Of course we don’t know what treatments are more effective or else we wouldn’t be running a clinical trial. We have an idea based on the data seen so far at any point in the trial, and that assessment may change as more data become available.

We could simply put each patient on what appears to be the best arm (the “play-the-winner” strategy), but this would forgo the benefits of randomization. Instead we compromise, continuing to randomize, but increasing the randomization probability for what appears to be the best treatment at the time a subject enters the trial.

Continuous monitoring

By monitoring the performance of each treatment arm, we can drop a poorly performing arm and assign subjects to the better treatment arms. This is particularly important for multi-arm trials. We want to weed out the poor treatments quickly so we can focus on the more promising treatments.
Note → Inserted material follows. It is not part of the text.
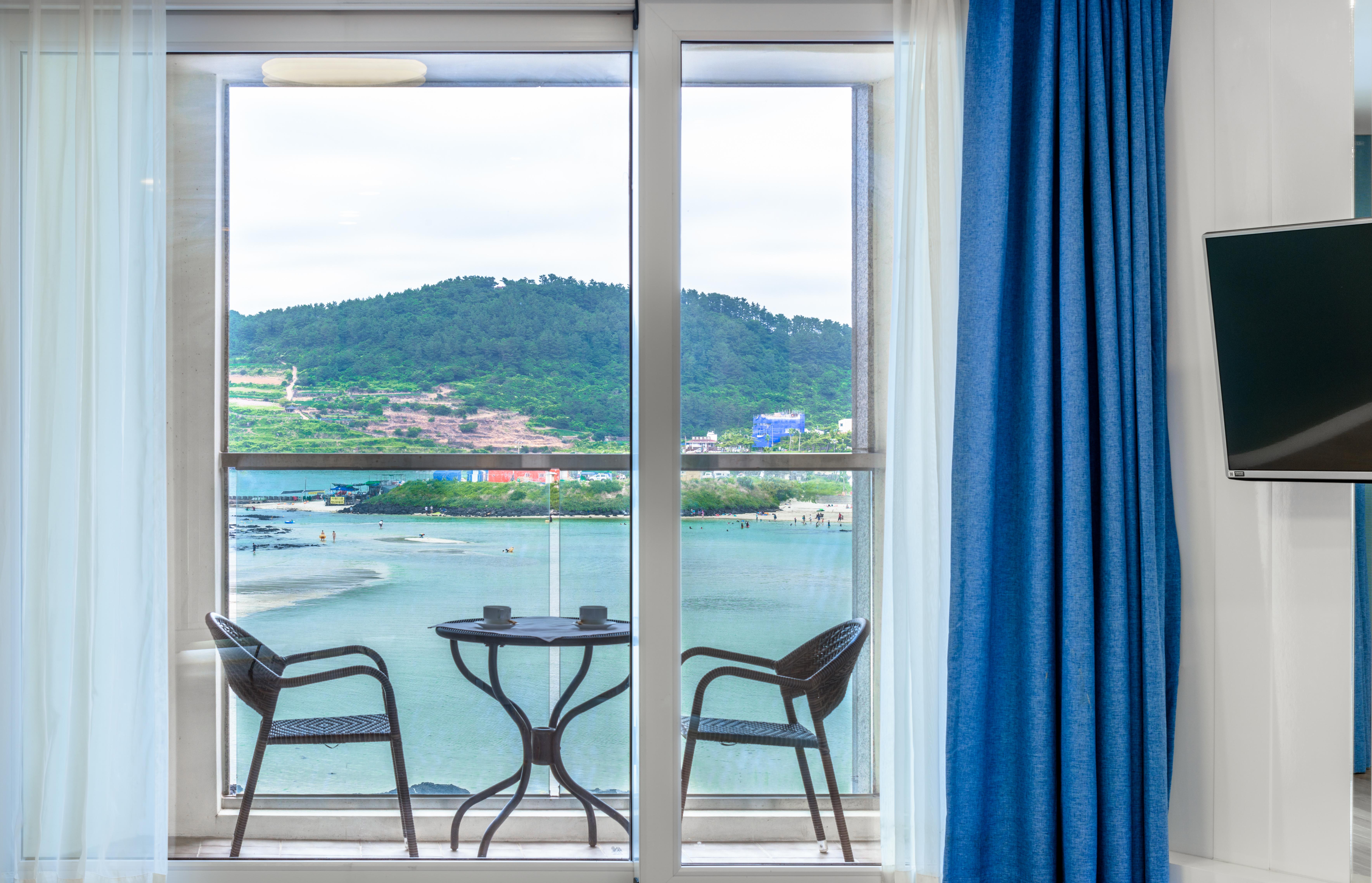 Aimi Jeju Beach Hotel Exterior foto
Continuous monitoring opens the possibility of stopping trials early if there is a clear winner. If all treatments perform similarly, more patients will be used. The maximum number of patients will be enrolled only if necessary.

Multi-arm trials

Randomizing an equal number of patients to each of several treatment arms would require a lot of subjects. A multi-arm adaptive trail turns into a two-arm trial once the other arms are dropped. We’ll present simulation results below that demonstrate this.

Running a big trial with several treatment arms could be more cost effective than running several smaller trials because there is a certain fixed cost associated with running any trial, no matter how small: protocol review, IRB approval, etc.

There has been some skepticism whether two-arm adaptively randomized trials live up to their hype. Trial design is a multi-objective optimization problem and it’s easy to claim victory by doing better by one criteria while doing worse by another. In my opinion, adaptive randomization is more promising for multi-arm trials than two-arm trials.

In my experience, multi-arm trials benefit more from early stopping than from adapting randomization probabilities. That is, one may treat more patients effectively by randomizing equally but dropping poorly performing treatments. Instead of reducing the probability of assigning patients to a poor treatment arm, continue to randomize equally so you can more quickly gather enough evidence to drop the arm.

I initially thought that gradually decreasing the randomization probability of a poorly performing arm would be better than keeping the randomization probability equal until it suddenly drops to zero. But experience suggests this intuition was wrong.

Simulation study

I designed a 4-arm trial with a uniform prior on the probability of response on each arm. The maximum accrual was set to 400 patients.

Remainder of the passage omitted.